THE labor sector has many problems, which the Department of Labor and Employment tries hard to solve. Some of these are old and complex challenges, such as the demand by workers for better compensation which should be balanced with the
equally compelling desire of employers to rein in wages and increase profitability.

It is good that under Secretary Silvestre Bello III, the DOLE is coping with many of these problems, including those of the Overseas Filipino Workers (OFWs).

Lately, Bello announced the forthcoming smooth repatriation of some 2,500 workers from Saudi Arabia who had been found to be illegals or without valid contracts. The government will shoulder their trip home, and provide help so that their skills would find them employment locally. Even financial assistance to tide them over the hard times before they can land new jobs would be provided.

It is worth mentioning that doable reforms in the labor exporting sector are being addressed presently. One such move is the launching of the i-DOLE or identification card for OFWs, set on July 12.

Filipinos working abroad had to secure their overseas employment certificates (OECs) from the Philippine Overseas Labor Offices in their host countries whenever they return to the Philippines for a vacation. They again fall in line to get this document on their return to their jobs abroad.

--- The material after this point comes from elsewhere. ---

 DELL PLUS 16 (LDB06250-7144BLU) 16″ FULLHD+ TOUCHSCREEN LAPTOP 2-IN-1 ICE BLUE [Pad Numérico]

It would not be so much trouble for our OFWs to do this if not for the long queues in these offices. Now with the i-DOLE ID cards, they need not get these certificates. They can easily show these cards at the airport terminals to validate their status and
avail themselves of free terminal fees. The cards will be mailed to their home addresses, Bello said.

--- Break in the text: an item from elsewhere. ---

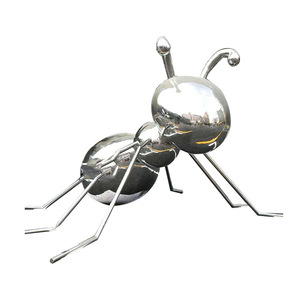 Escultura de Hormiga de Acero Inoxidable con Acabado de Espejo, Adorno de Jardín para Exteriores, Figura de Animal Independiente - Product Image 3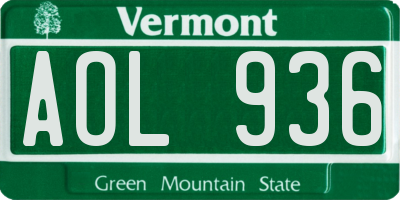 VT license plate AOL936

This ID system is so convenient and simple that we wonder why other DOLE administrations did not think of this, or having thought of it, did not have the good sense to implement it right away.

Migrant workers have campaigned for years for the abolition of the OECs. Now under President Rodrigo Duterte and Secretary Bello, they finally got their wish.

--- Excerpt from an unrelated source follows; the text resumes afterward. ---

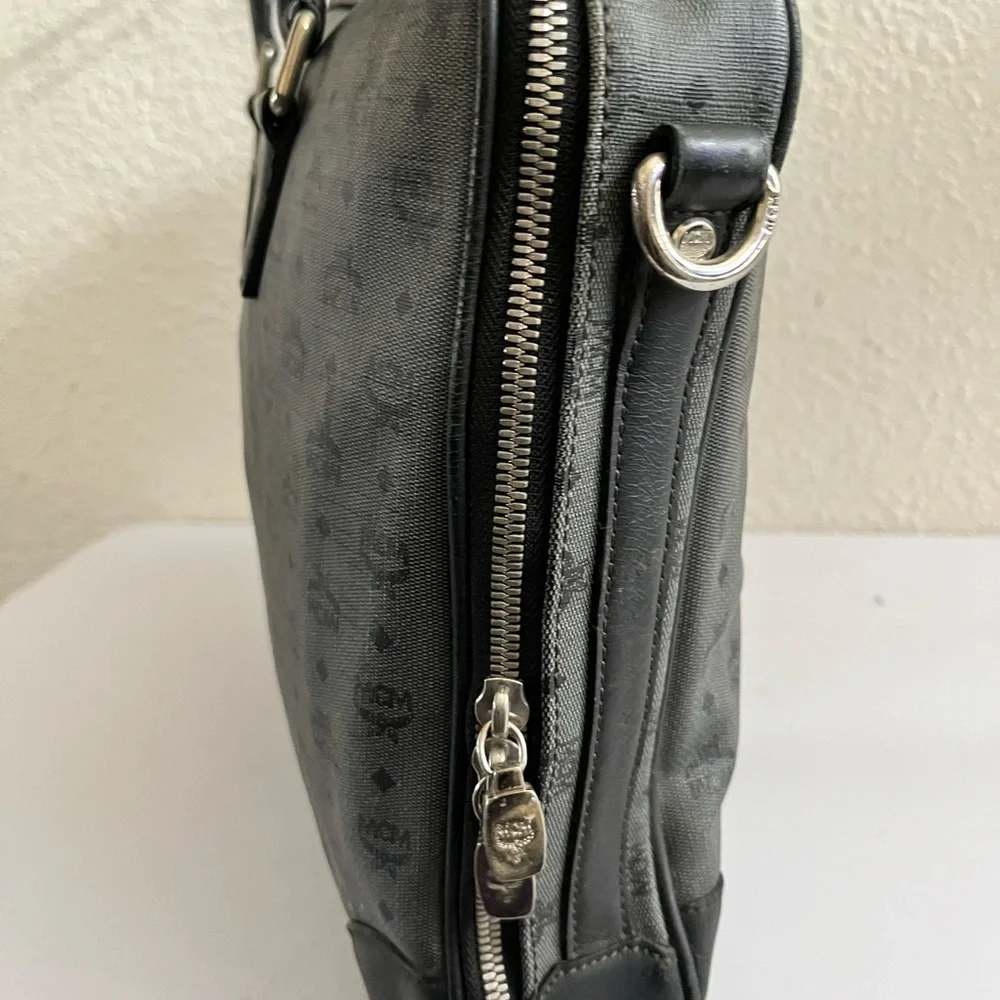 MCM Black and Gray Monogram Briefcase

For sure, other departments especially those with direct dealings with the public can see and appreciate reforms in their systems of public service delivery, many of which emanate from their clientele themselves.

It is worthwhile to evaluate these suggestions. Who knows, the government might save money from streamlining the procedures and the people might get the fast and efficient service that they, as taxpayers, truly deserve.